← Back to blog

Implementing SLO Monitoring: A Step-by-Step Tutorial

· 6 min read · Stew Team
slomonitoringprometheusgrafana

This tutorial walks through implementing SLO monitoring from scratch using Prometheus and Grafana. By the end, you’ll have working SLO dashboards and alerts.
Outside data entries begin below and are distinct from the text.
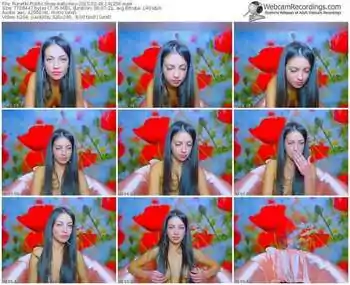 Runetki-kallymey-Public-Show-02_28_2015-14_12_56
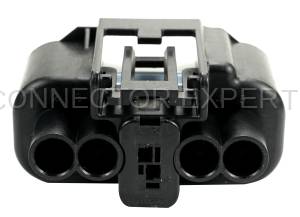 Special Order  - CE6357 - Image 3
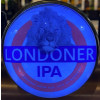 Londoner Brew Pub IPA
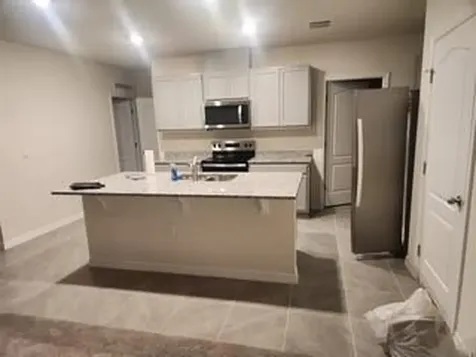 2892 Waterlily Way Poinciana FL 34759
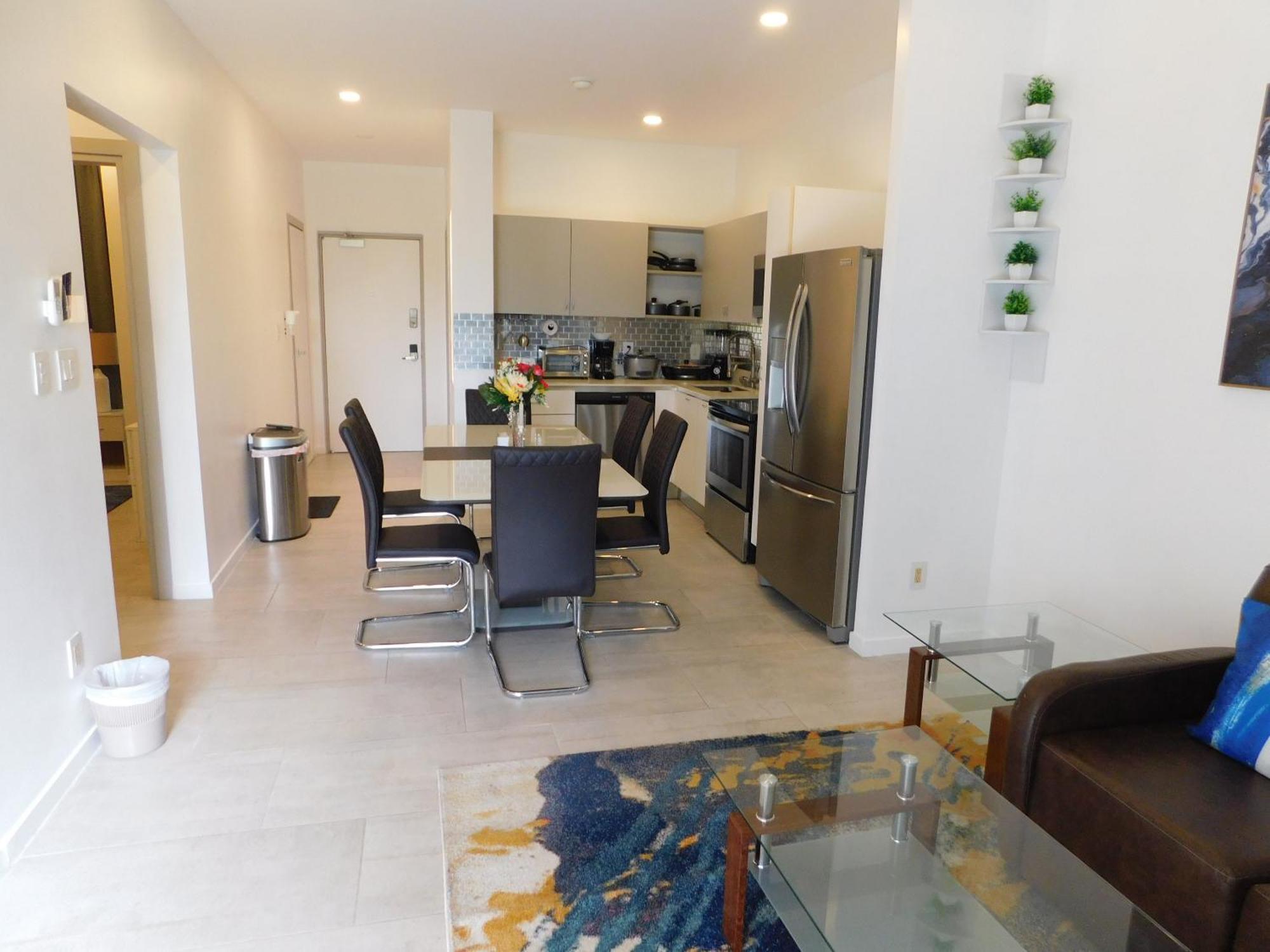 Sunset 205, Sleeps Six, Next Door To The Pool, 100M To The Beach! Jaco Ngoại thất bức ảnh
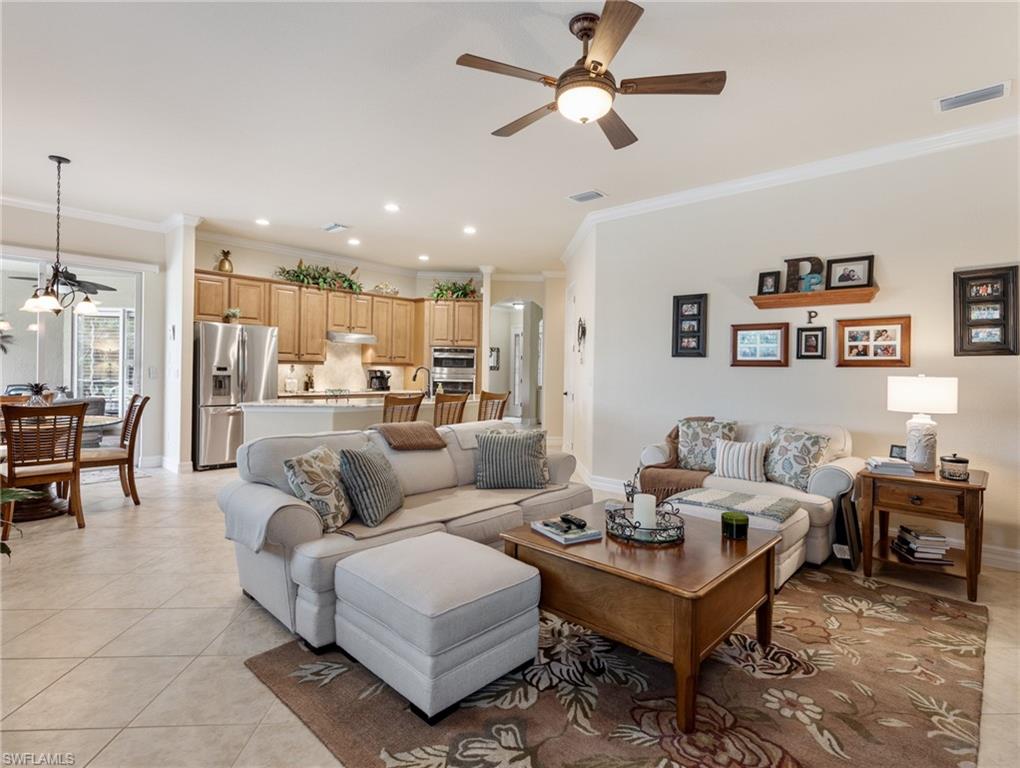 21024 Torre Del Lago ST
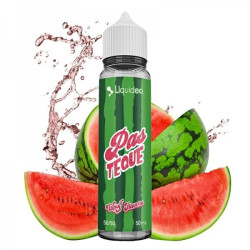 E LIQUIDE PASTÈQUE 50ML - WPUFF FLAVORS LIQUIDEO-Eliquides-alavape.com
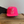 VTG Rainier Draft Neon Hat - #035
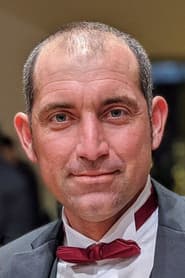 Девід Сціклуна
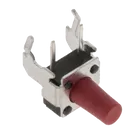 1-1825027-2 thumbnail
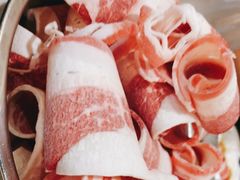 -胡哥烤肥牛(车公庙店)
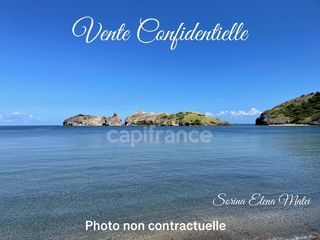  Maison � vendre 7 pi�ces 169 m�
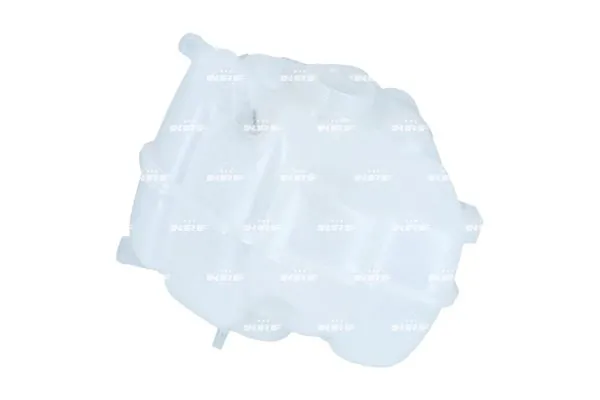 NRF 454162 Expansion Tank, coolant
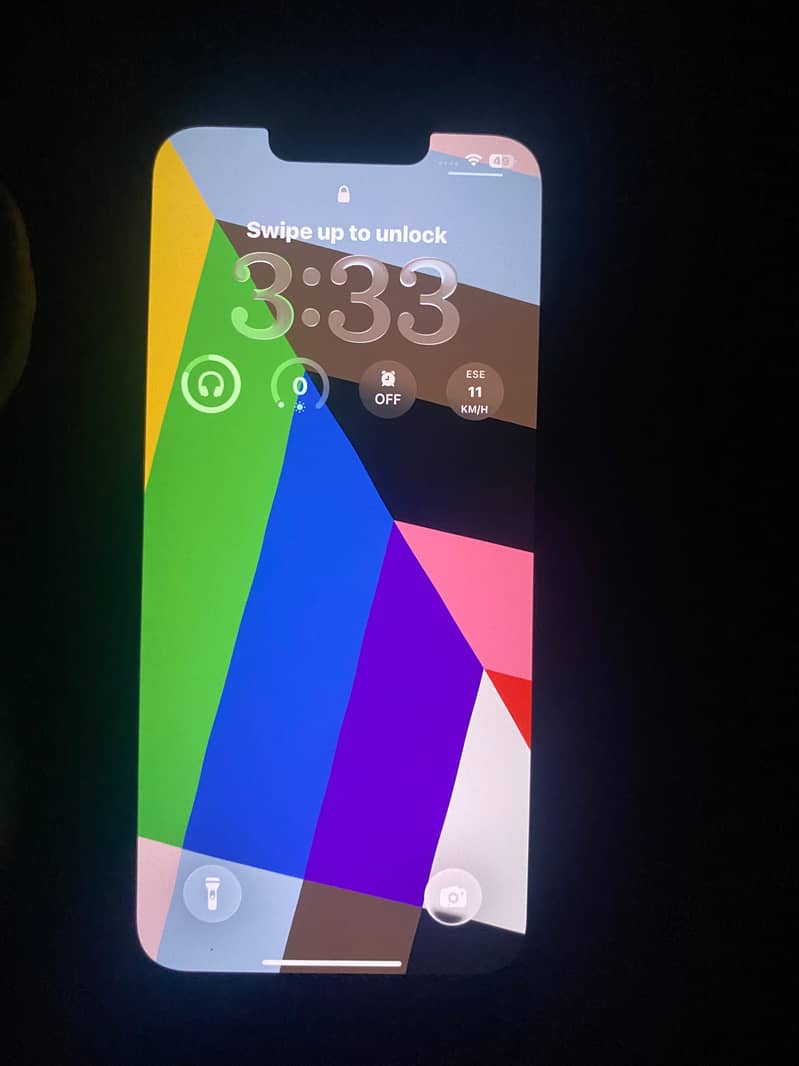 Apple iPhone 13 3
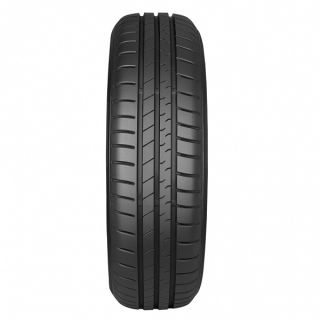 205/60R16 96H XL SINCERA SN110 FALKEN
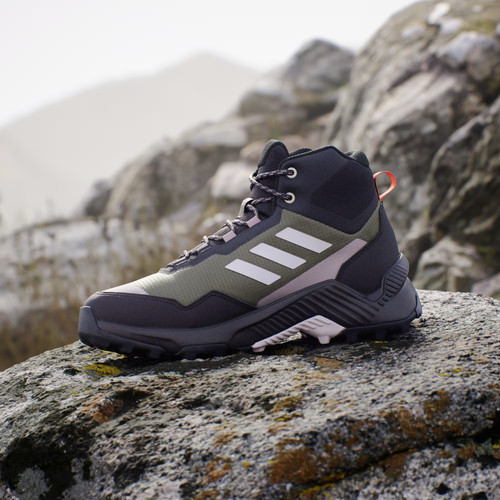 Scarpe impermeabili - , da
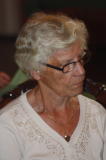 Irja Vesalainen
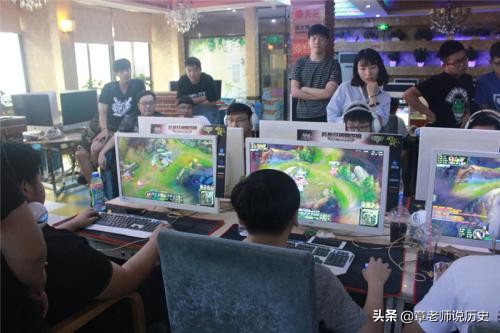 15年冒死连救7人的汶川小英雄,08年汶川地震8岁小英雄现状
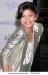 stock-photo-los-angeles-feb-zendaya-coleman-arrives-at-the-premiere-of-paramount-pictures-justin-bieber-78143548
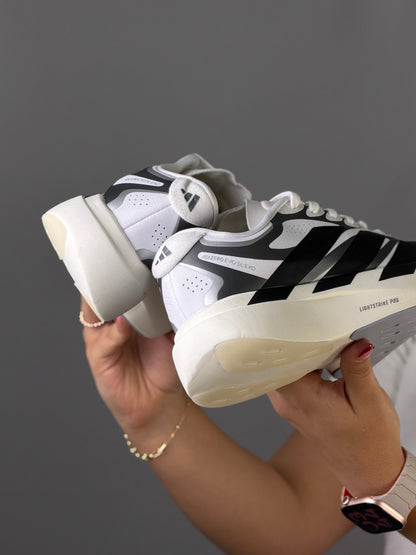 Adidas Adizero Evo Sl Exo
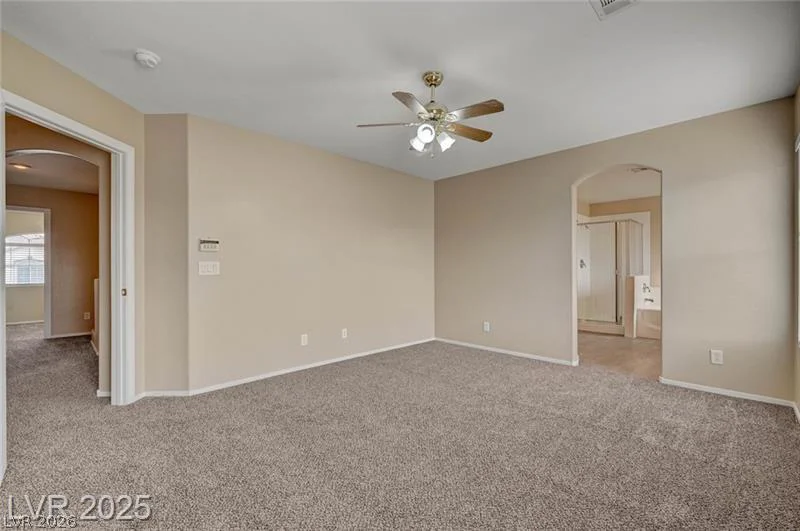 893 Dancing Vines, Las Vegas, NV 89183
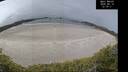 ./images/calvert/beach/20250616/beach20250616_121011M.jpg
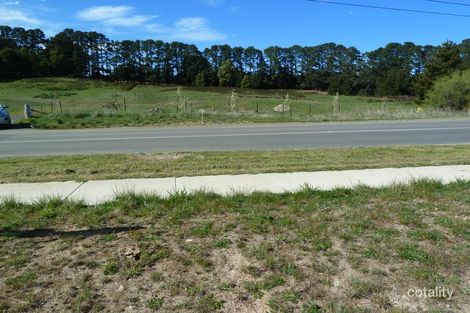 Lot 3 Hillview Rd, Brown Hill, VIC 3350
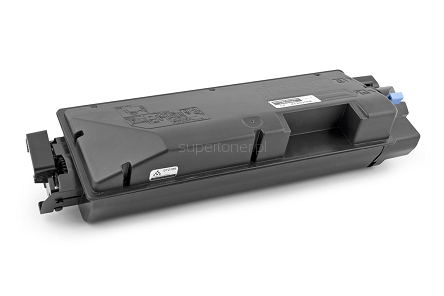 Zamienny toner do Kyocera ECOSYS P7240 Czarny (TK-5290K, 1T02TX0NL0)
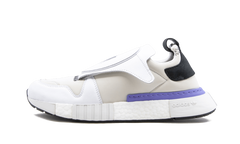 Futurepacer AQ0907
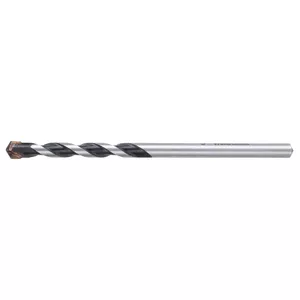 Drill Bit Makita E-10970 1 pc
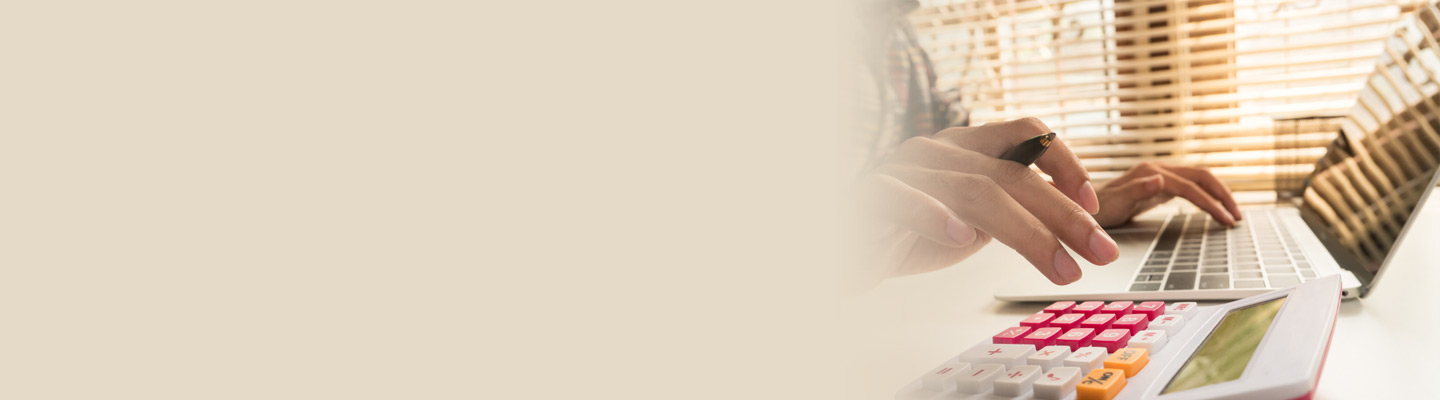 financially-manage-your-d financially-manage-your-d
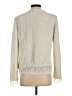 IRO Ivory Cardigan Size EU (FR) 36 / US 4 - photo 2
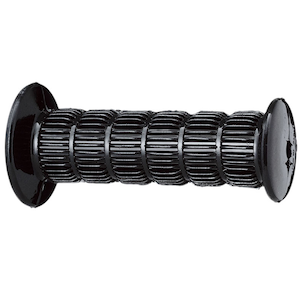 �L�W�}�bDT-1�^�C�v�O���b�v �W���n���h���p (�u���b�N/�S��124mm )�b201-492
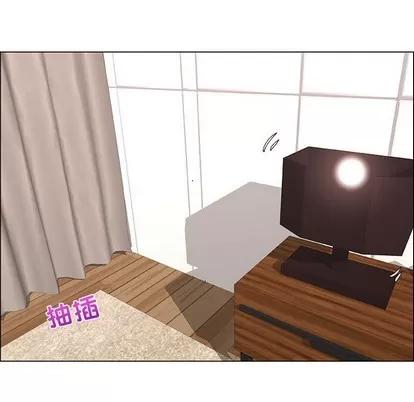 漂亮姐姐 漂亮姐姐 | 第32章 第9页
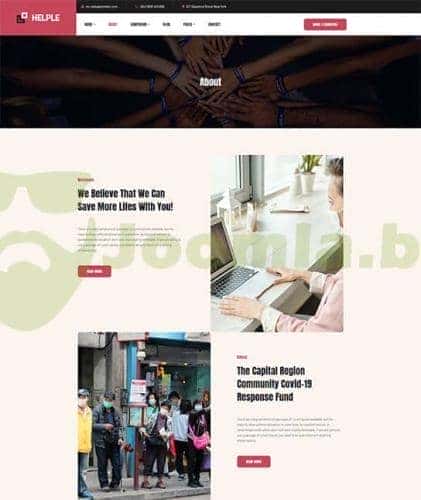 Joomla.bid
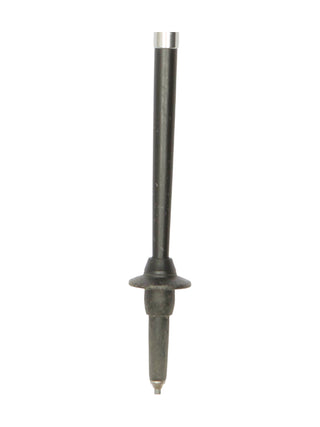 Stöcke Carbon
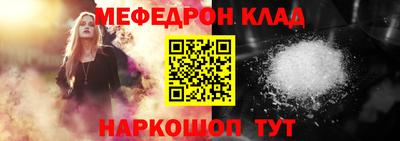 марки lsd Дубна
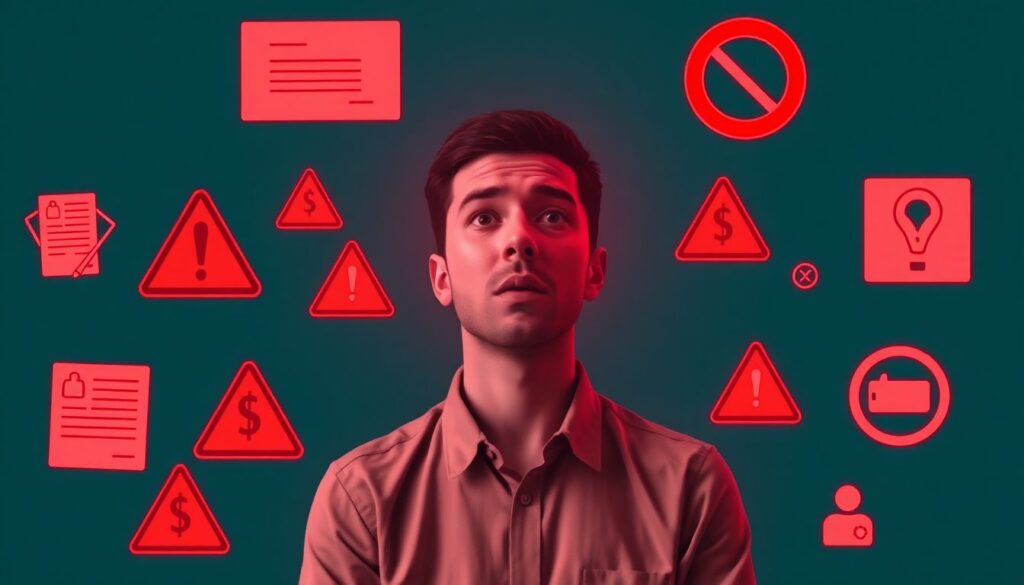 Топ‑10 финансовых 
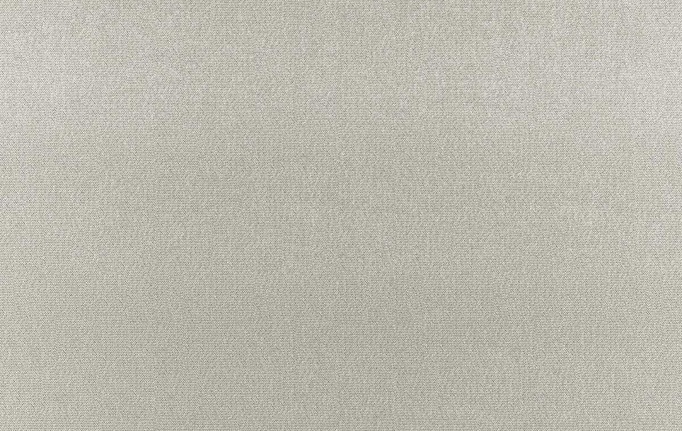 Бельгийская ткань Daylight, коллекция Outfit, артикул Tottenham/Limestone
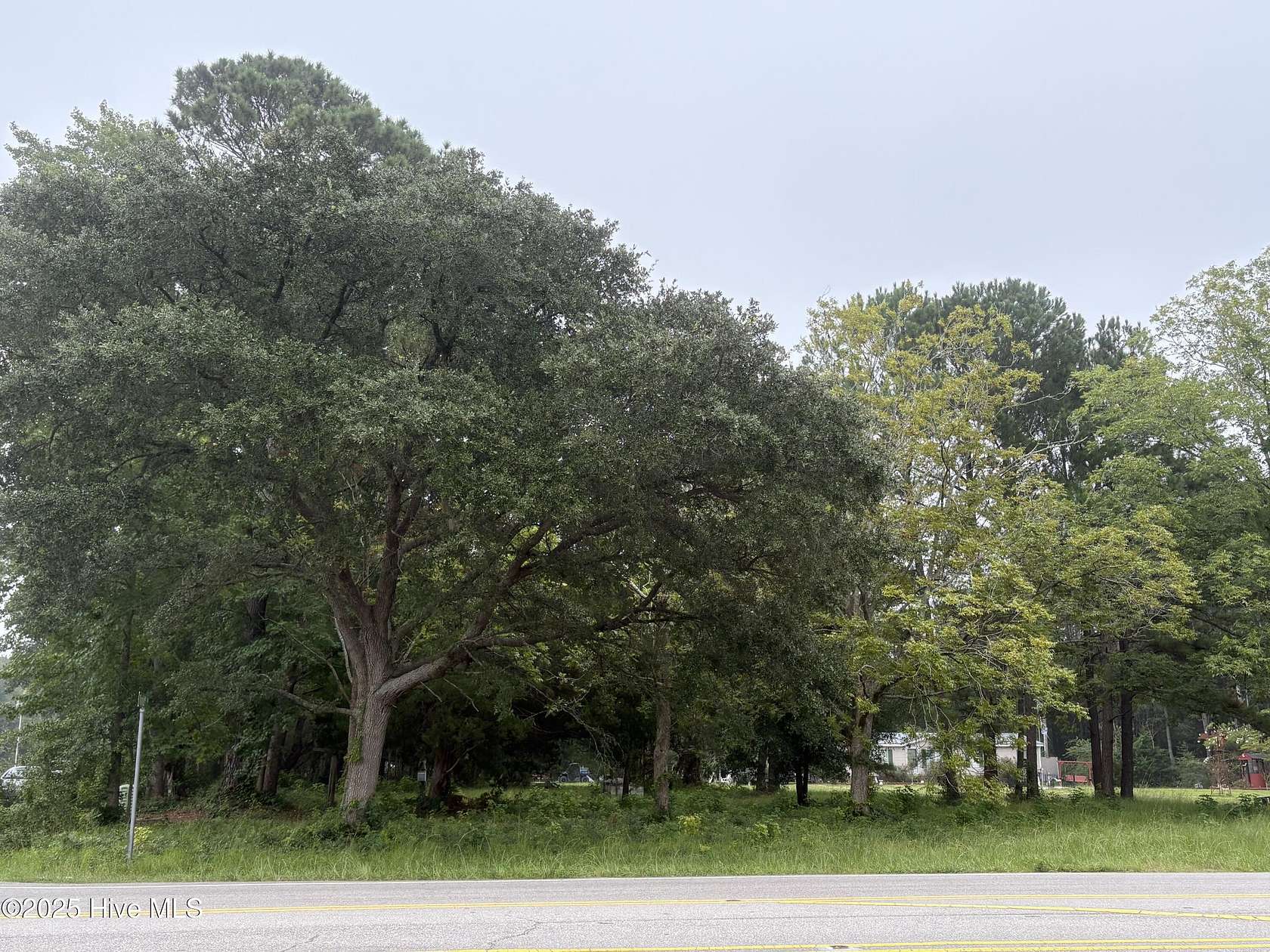 1 Acre of Land for Sale in Shallotte, North Carolina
For SLO concepts, see our SLO monitoring guide.

Prerequisites

  • Prometheus collecting HTTP metrics
  • Grafana for dashboards
  • Alertmanager for notifications

Step 1: Verify Your Metrics

First, confirm you have the necessary metrics.

Required Metrics

# Check for request count metrics
curl -s http://prometheus:9090/api/v1/label/__name__/values | jq '.data[]' | grep -i request

# Check for latency histogram
curl -s http://prometheus:9090/api/v1/label/__name__/values | jq '.data[]' | grep -i duration

Expected Metrics

# Request counter with status labels
http_requests_total{status="200", method="GET", path="/api"}

# Latency histogram
http_request_duration_seconds_bucket{le="0.1", method="GET", path="/api"}

If Metrics Are Missing

Add instrumentation to your application:

# Python example with prometheus_client
from prometheus_client import Counter, Histogram

REQUEST_COUNT = Counter(
    'http_requests_total',
    'Total HTTP requests',
    ['method', 'path', 'status']
)

REQUEST_LATENCY = Histogram(
    'http_request_duration_seconds',
    'HTTP request latency',
    ['method', 'path'],
    buckets=[0.01, 0.05, 0.1, 0.2, 0.5, 1.0, 2.0, 5.0]
)

Step 2: Define Recording Rules

Recording rules pre-calculate SLI values for efficiency.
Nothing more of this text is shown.